今回、次世代インターネット「ウェブ3」に関する本格的討論が道内で初めて行われた。「ウェブ3」は暗号資産などで用いられる高度なデータ保護が可能な技術をもとに、GAFAと呼ばれる巨大IT企業など特定の管理者を介さず、ネットワークの参加者がデータを管理しようという考え方だ。
また、スタートアップ(新興企業)などをテーマにした「ヒトとデジタルが共存するミライ:スタートアップが目指すべき市場とは」「コム商材をフル活用して、北海道から未踏的な高度IT人材を目指そう!」「地域発スタートアップの今とこれから」など40本以上の討論集会が開催された。

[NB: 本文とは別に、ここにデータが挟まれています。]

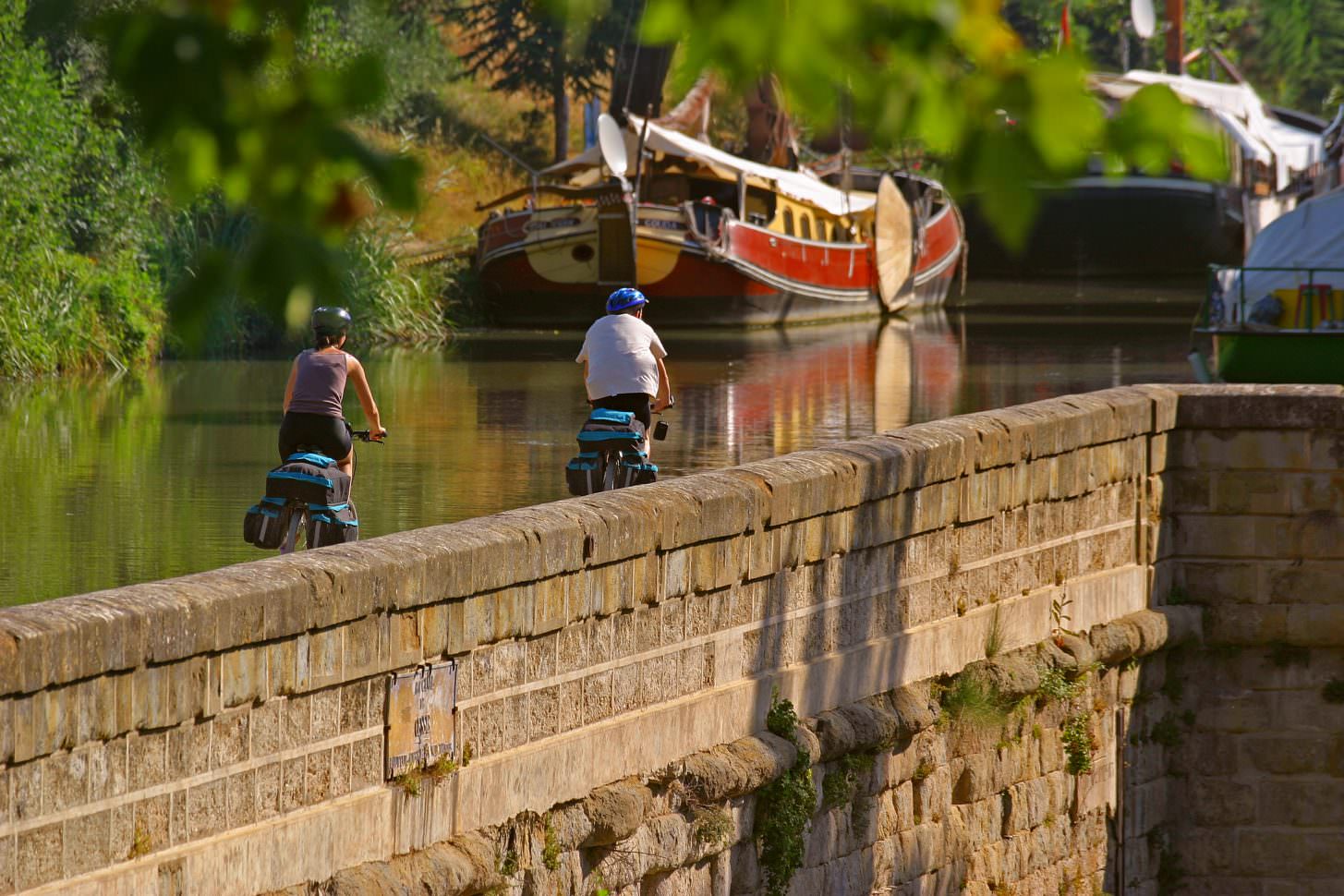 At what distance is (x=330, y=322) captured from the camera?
33.9 feet

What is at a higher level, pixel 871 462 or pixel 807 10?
pixel 807 10

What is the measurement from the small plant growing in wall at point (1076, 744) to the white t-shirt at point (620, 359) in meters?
2.63

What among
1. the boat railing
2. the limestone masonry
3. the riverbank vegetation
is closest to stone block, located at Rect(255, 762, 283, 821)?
the limestone masonry

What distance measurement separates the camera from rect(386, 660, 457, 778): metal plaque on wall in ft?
23.0

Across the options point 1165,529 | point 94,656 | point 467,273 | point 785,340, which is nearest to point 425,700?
point 94,656

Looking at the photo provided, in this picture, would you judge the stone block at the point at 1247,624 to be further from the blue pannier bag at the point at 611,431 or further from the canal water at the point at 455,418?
the canal water at the point at 455,418

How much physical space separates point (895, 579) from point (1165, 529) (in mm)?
2990

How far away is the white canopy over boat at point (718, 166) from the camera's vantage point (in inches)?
1471

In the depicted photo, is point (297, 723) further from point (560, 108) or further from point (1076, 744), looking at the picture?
point (560, 108)

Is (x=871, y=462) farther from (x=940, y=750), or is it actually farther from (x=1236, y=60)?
(x=1236, y=60)

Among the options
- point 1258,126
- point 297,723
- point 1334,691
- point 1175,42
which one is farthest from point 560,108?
point 297,723

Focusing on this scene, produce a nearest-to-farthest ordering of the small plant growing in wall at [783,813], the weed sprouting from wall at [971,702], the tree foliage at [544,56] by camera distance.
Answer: the small plant growing in wall at [783,813] < the weed sprouting from wall at [971,702] < the tree foliage at [544,56]

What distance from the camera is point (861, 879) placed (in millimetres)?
9602

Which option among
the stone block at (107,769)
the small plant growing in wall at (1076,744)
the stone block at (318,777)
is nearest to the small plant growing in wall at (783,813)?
the stone block at (318,777) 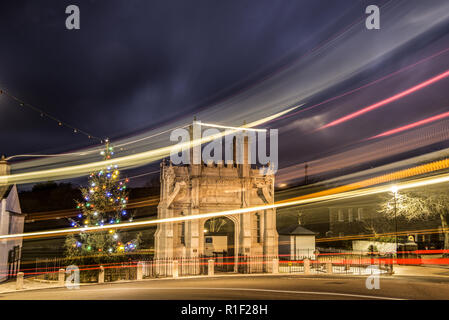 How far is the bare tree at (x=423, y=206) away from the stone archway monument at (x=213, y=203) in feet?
66.3

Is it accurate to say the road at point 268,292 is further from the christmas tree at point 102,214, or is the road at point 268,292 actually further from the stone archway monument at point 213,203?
the stone archway monument at point 213,203

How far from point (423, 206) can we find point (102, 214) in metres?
34.2

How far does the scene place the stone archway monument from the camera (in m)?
25.2

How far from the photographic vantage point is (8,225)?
23.3m

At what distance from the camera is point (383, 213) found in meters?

さらにノーマップスの魅力は連日夜に開催されるミートアップ(交流会)にあり、ビジネスからアート、エンタメなどジャンルを超えた人々の出会いでにぎわった。
ポストコロナの観光産業は「地図なき領域を開拓する」チャレンジが必要不可欠であり、ノーマップスを通して数多くの学びや気づきを得ることが可能と感じた。